ABOUT THIS EXERCISE:
For this exercise, copy exactly the lines below from the one with "We have two" through the one with "Welcome back. Today's" and leave out the pictures.

TASK MATERIAL:
□ □ □ □ □ □ □

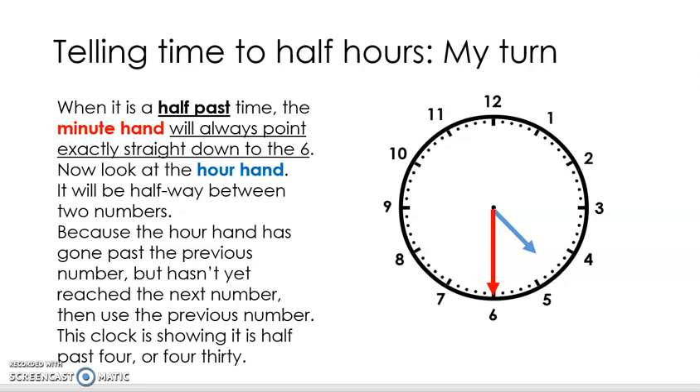So let's have a look at the picture here. When it's a half past time, the red minute hand will always point exactly straight down to the six. Look at the hour hand — that's the short one, the blue one — and you can see it's halfway between two numbers. On this example we have the four and the five, so our blue hour hand is halfway in between the four and the five. The hour hand has gone past the four — that's the previous number — but it hasn't yet reached the five, which is the next number. So we need to use the previous number, the four. This time is half past four.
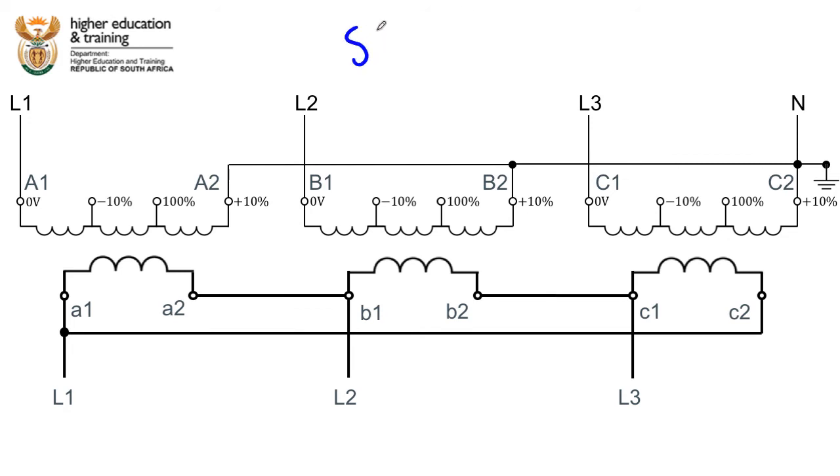In two relatively simple steps we've established how this transformer needs to be connected: as a star-delta transformer using the plus 10% tapping. The primary side is connected in star — A2, B2, C2 all connected to the same point, with that central point grounded. The secondary side is connected in delta: the end of coil A connects to the start of B, the end of B to the start of C, and the end of C back to the start of A.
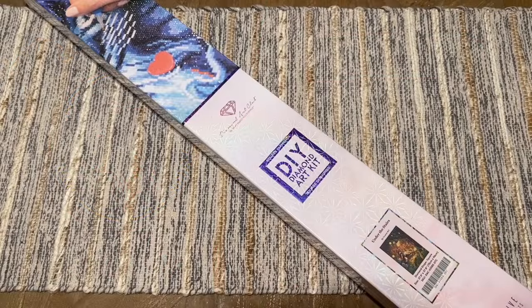Hello everyone, happy Black Friday week with Diamond Art Club and welcome back to my channel Diamonds and Washi. My name is Katie, and if you are new here or if you are back, welcome — I'm so glad you're here. I am really excited to get to share with you guys another sneak peek unboxing from Diamond Art Club.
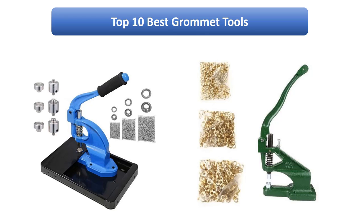Find the best grommet tools on Amazon. We analyzed consumer reviews to find the top rated products. Find out which product scored highest. I am going to review the top 10 best grommet tools on the market.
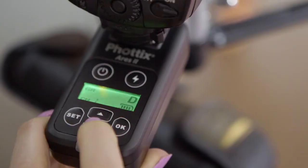Put each of your lights on one of four available groups and easily see what one light is doing, or fire all groups at once.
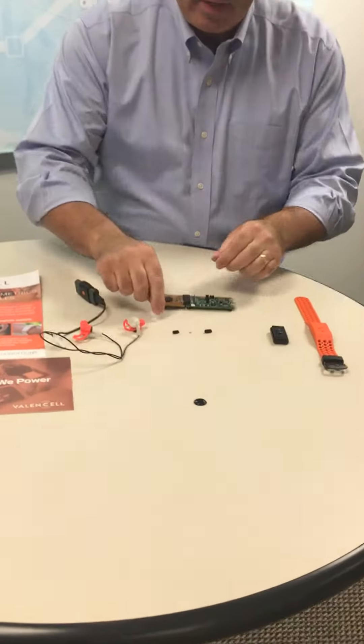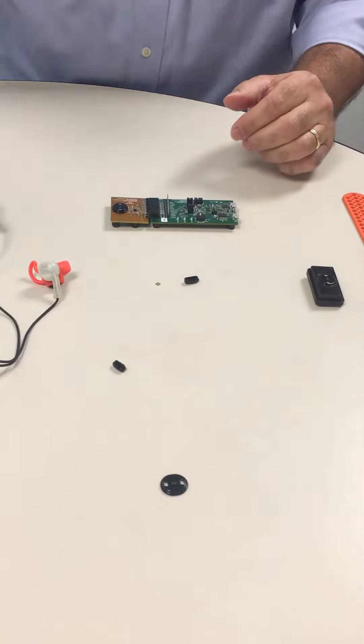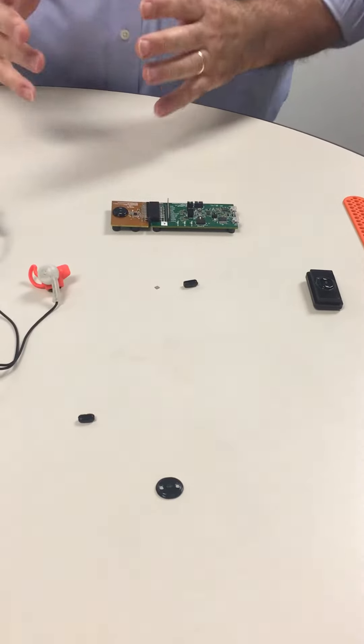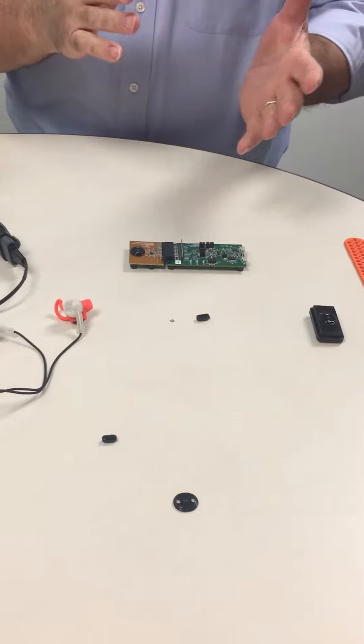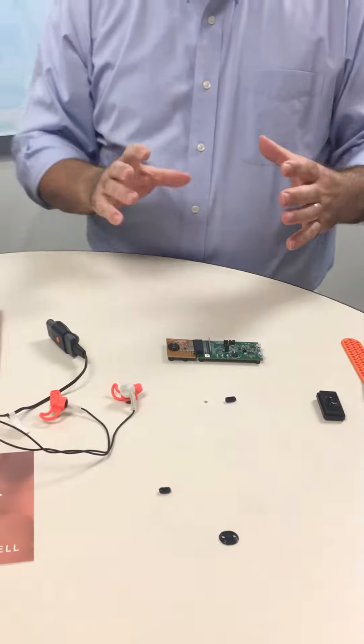We have two basic form factors for benchmark sensors. We have one for the wrist or the body, which we can see here, that we call benchmark wrist, and we have one for the ear that's a little bit smaller and goes in the lower concha of your ear. Our sensors include everything from the optics, the accelerometer, the LEDs, the detector, and the microcontroller that does all the signal processing for you.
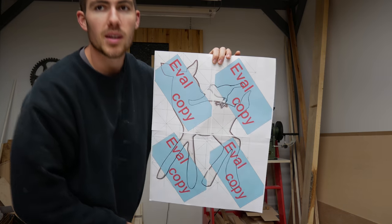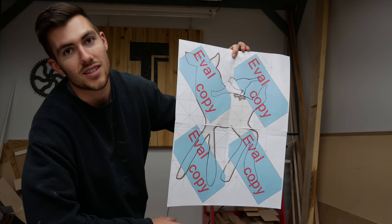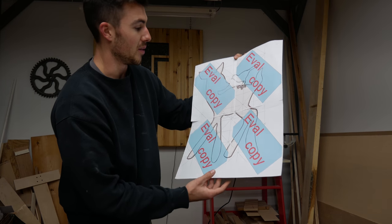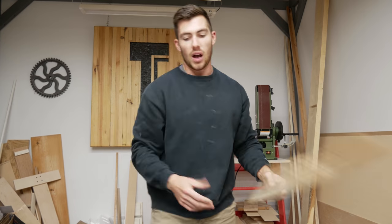Welcome back. Today's project is going to be a quick one — it's also going to be really nice and fun. We're making a gift for a baby shower; it's going to be something people can sign that goes on the wall. It's going to look a little bit like this. For anyone curious about what Matthias's eval coffee program looks like — you pay for it or fill in the blanks. I chose to fill in the blanks. We're going to make it out of pallet wood.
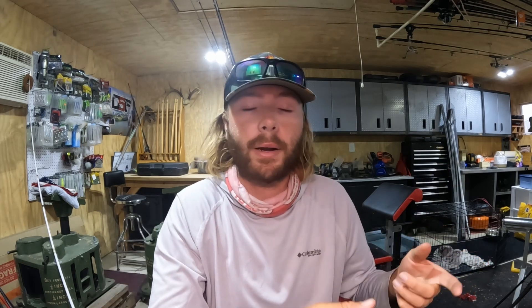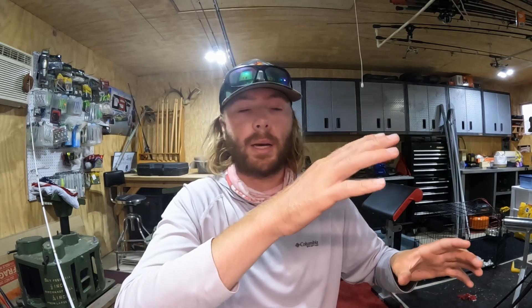The key is the retrieve. I twitch it down to the grass — three or four twitches, whatever it takes to get down to about the top of that grass. Sometimes just two if you're fishing shallow grass. As soon as you think it's about to reach the top of that submerged hydrilla, I pop it up. So it's twitch, twitch, pop.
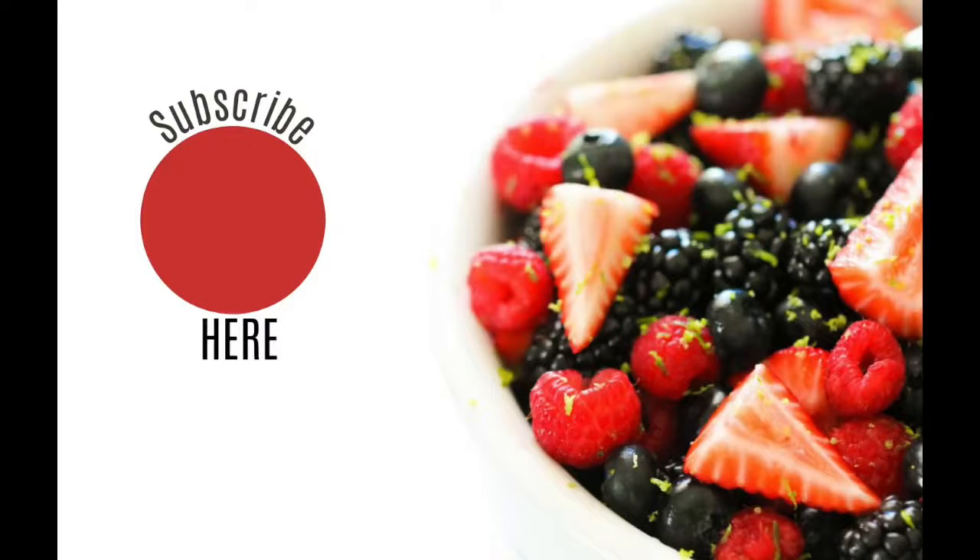I hope these Instant Pot recipes are helpful for those who are just beginning or who just need some new recipes. Please don't forget to subscribe to our channel, give me a big thumbs up, or comment if you loved these Instant Pot recipes. We'll see you later!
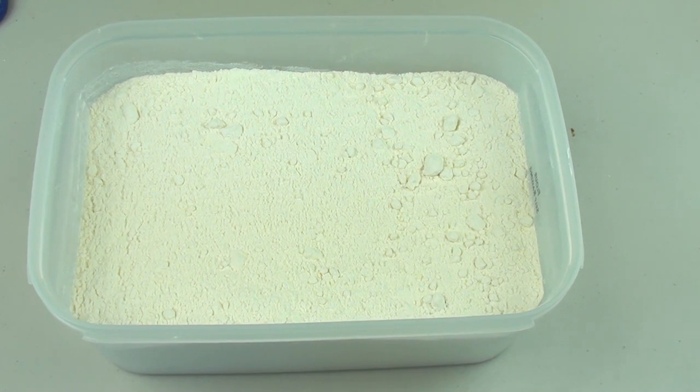In the past I have done videos on how to keep bugs and insects out of your pantry. If you haven't seen those videos I will leave links down below so you can watch them. But today's video is like an extra layer of protection that will also help keep bugs out of your containers.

□ □ □ □ □ □ □

RESPONSE TO THE EXERCISE:
We have two basic form factors for benchmark sensors. We have one for the wrist or the body, which we can see here, that we call benchmark wrist, and we have one for the ear that's a little bit smaller and goes in the lower concha of your ear. Our sensors include everything from the optics, the accelerometer, the LEDs, the detector, and the microcontroller that does all the signal processing for you.
Welcome back. Today's project is going to be a quick one — it's also going to be really nice and fun. We're making a gift for a baby shower; it's going to be something people can sign that goes on the wall. It's going to look a little bit like this. For anyone curious about what Matthias's eval coffee program looks like — you pay for it or fill in the blanks. I chose to fill in the blanks. We're going to make it out of pallet wood.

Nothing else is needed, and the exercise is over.